Nutrition Facts : @context http, Calories 231, UnsaturatedFat 3 grams, Carbohydrate 38 grams, Fat 4 grams, Fiber 10 grams, Protein 12 grams, SaturatedFat 1 gram, Sodium 408 milligrams, Sugar 5 grams, TransFat 0 grams

RED KIDNEY BEANS (RAJMA)



Red Kidney Beans (Rajma) image

Enjoy this Indian recipe for rajma (red kidney beans) with jeera (cumin) rice. You can spice this up according to your taste! If you have an Indian grocery store in your area, you could add a great taste to it by adding one spoon of 'garam masala' which is a special blend of mixed spices...But it's just as great without it!

Provided by MEDHALEE

Categories     Side Dish     Vegetables     Tomatoes

Time 20m

Yield 2

Number Of Ingredients 15

3 tablespoons canola oil
5 whole cloves
10 black peppercorns
1 (1 inch) piece cinnamon stick
1 bay leaf
1 whole cardamom pod
2 onion, chopped
6 roma (plum) tomatoes, chopped
4 cloves garlic, minced
2 tablespoons minced fresh ginger root
1 teaspoon powdered red pepper or dried Cajun pepper
1 (15 ounce) can kidney beans, drained
salt to taste
water
6 sprigs cilantro, minced

Steps:

  • Heat oil in a large saucepan over a medium heat. Stir in the cloves, whole black peppercorn, cinnamon, cardamom and bay leaf. Cover the pan as the pepper tends to splutter right out of the pan and can cause burns! Let heat for 1 minute.
  • Reduce the heat to medium-low and add the sliced onions. Saute until the onions are soft and almost translucent. Mix in the tomatoes and saute well. (For a great taste, saute until almost dry.)
  • Raise the stovetop's temperature to a medium heat. Add the garlic and ginger and saute for 2 to 3 minutes. Mix in the chili powder, red kidney beans and salt; mix well. Slowly add water a small amount at a time. You are adding water to create a gravy, only add water until the gravy has reached the consistency that you would like. For a smoother gravy, cool and blend the sauteed mixture before adding the red kidney beans. Garnish with cilantro.
  • Serve with hot cooked rice (see Cook's Note for link to Cumin Rice).

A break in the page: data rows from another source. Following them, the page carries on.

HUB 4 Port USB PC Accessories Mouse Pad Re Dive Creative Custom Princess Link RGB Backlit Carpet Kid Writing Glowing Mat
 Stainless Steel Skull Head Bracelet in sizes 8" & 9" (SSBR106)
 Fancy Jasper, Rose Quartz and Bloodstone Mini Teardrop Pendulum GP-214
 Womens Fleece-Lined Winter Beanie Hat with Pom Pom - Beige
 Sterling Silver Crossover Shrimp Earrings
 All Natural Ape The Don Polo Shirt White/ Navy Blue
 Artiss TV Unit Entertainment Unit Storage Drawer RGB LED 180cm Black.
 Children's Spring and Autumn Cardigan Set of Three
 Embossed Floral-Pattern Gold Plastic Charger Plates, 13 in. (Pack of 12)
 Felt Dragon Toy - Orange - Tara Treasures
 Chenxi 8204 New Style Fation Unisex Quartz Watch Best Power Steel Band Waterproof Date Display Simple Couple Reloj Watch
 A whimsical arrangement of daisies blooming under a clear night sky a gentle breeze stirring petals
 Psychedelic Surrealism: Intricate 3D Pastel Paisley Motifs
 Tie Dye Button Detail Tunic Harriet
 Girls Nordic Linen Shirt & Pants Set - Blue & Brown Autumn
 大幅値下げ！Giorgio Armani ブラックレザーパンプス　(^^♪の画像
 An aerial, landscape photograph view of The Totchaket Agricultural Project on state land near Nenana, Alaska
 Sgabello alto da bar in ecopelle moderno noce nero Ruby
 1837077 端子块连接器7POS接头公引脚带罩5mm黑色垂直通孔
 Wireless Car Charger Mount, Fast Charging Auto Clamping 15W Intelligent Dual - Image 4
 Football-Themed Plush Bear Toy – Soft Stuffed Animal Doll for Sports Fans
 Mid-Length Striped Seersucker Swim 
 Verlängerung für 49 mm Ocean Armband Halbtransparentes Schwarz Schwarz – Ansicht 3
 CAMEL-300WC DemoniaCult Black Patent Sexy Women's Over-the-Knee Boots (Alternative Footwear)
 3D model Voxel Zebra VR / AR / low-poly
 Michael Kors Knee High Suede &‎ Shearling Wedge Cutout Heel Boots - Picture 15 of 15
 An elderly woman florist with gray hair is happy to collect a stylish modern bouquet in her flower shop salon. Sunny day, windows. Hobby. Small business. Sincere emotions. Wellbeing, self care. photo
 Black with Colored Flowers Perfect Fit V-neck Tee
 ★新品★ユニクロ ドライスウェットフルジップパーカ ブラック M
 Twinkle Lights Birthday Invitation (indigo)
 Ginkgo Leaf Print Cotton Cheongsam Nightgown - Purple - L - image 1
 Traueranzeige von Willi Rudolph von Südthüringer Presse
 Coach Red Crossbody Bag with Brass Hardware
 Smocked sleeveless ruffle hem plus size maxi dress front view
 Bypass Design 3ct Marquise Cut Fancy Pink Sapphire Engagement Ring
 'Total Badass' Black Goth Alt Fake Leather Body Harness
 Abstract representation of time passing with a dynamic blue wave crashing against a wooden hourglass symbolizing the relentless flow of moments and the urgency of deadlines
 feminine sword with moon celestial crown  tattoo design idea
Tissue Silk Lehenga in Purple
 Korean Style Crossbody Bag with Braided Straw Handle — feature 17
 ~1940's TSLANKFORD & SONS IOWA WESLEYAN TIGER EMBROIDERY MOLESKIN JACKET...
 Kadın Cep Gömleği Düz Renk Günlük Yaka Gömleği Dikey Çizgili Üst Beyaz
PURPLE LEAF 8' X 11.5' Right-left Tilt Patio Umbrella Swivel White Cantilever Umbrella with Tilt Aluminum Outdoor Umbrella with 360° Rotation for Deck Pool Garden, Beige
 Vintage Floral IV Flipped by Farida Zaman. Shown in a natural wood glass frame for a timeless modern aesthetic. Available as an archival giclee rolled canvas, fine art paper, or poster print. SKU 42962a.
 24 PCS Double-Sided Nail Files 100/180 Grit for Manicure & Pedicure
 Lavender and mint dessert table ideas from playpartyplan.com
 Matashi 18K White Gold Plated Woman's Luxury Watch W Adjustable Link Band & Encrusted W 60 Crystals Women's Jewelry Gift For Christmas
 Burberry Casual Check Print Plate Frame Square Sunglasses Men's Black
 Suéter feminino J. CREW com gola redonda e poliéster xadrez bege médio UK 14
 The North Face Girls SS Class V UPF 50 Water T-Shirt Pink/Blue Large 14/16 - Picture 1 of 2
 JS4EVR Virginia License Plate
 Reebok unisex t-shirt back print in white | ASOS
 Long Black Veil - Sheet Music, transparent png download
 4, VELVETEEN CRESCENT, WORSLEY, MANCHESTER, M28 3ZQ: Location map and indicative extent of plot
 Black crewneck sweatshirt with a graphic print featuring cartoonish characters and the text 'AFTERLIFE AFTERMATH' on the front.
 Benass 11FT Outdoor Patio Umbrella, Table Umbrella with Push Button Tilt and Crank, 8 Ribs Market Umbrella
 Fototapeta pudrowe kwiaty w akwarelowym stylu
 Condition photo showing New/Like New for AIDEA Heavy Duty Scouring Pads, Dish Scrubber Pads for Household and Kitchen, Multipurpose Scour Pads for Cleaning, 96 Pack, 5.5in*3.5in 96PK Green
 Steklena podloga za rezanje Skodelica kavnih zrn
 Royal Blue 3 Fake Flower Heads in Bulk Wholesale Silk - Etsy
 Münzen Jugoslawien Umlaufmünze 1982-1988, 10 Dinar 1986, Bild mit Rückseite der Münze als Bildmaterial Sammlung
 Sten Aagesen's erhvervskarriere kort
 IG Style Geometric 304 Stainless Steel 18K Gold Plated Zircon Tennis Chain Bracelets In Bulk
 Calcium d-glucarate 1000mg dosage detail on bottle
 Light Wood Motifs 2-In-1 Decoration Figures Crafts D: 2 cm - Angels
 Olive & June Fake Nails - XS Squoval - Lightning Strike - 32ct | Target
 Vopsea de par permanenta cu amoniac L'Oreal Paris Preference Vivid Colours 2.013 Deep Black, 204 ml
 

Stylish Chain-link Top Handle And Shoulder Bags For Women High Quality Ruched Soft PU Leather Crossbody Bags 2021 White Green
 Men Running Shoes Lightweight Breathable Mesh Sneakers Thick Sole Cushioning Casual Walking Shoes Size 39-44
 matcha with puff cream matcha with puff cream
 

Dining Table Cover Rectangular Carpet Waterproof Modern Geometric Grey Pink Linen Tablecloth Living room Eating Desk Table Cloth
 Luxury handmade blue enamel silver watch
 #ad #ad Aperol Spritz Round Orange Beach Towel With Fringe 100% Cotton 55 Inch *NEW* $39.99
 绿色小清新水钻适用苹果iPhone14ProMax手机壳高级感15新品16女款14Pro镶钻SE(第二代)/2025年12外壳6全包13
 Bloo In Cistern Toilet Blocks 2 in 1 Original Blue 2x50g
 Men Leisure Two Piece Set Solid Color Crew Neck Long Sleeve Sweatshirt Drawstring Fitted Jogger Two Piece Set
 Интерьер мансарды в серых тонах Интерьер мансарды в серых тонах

Nutrition Facts : Calories 482.4 calories, Carbohydrate 59.1 g, Fat 22.9 g, Fiber 20.3 g, Protein 15.7 g, SaturatedFat 1.7 g, Sodium 480.5 mg, Sugar 9.9 g

Tips:

  • Soak the beans overnight: This will help to reduce the cooking time and make the beans more digestible.
  • Use a variety of spices: Rajma is a versatile dish that can be made with a variety of spices. Some common spices used in rajma include cumin, coriander, turmeric, and garam masala.
  • Don't overcook the beans: Rajma beans should be cooked until they are tender but still hold their shape. Overcooked beans will become mushy.
  • Serve with rice or roti: Rajma is typically served with rice or roti. It can also be served with other Indian breads, such as naan or paratha.
  • Garnish with cilantro or lemon juice: Rajma is often garnished with cilantro or lemon juice. This adds a fresh, bright flavor to the dish.

Conclusion:

Rajma is a delicious and nutritious dish that is easy to make. It is a good source of protein, fiber, and iron. Rajma can be made with a variety of spices and ingredients, so you can easily customize it to your own taste. Whether you are a vegetarian or meat-eater, rajma is a dish that you will enjoy.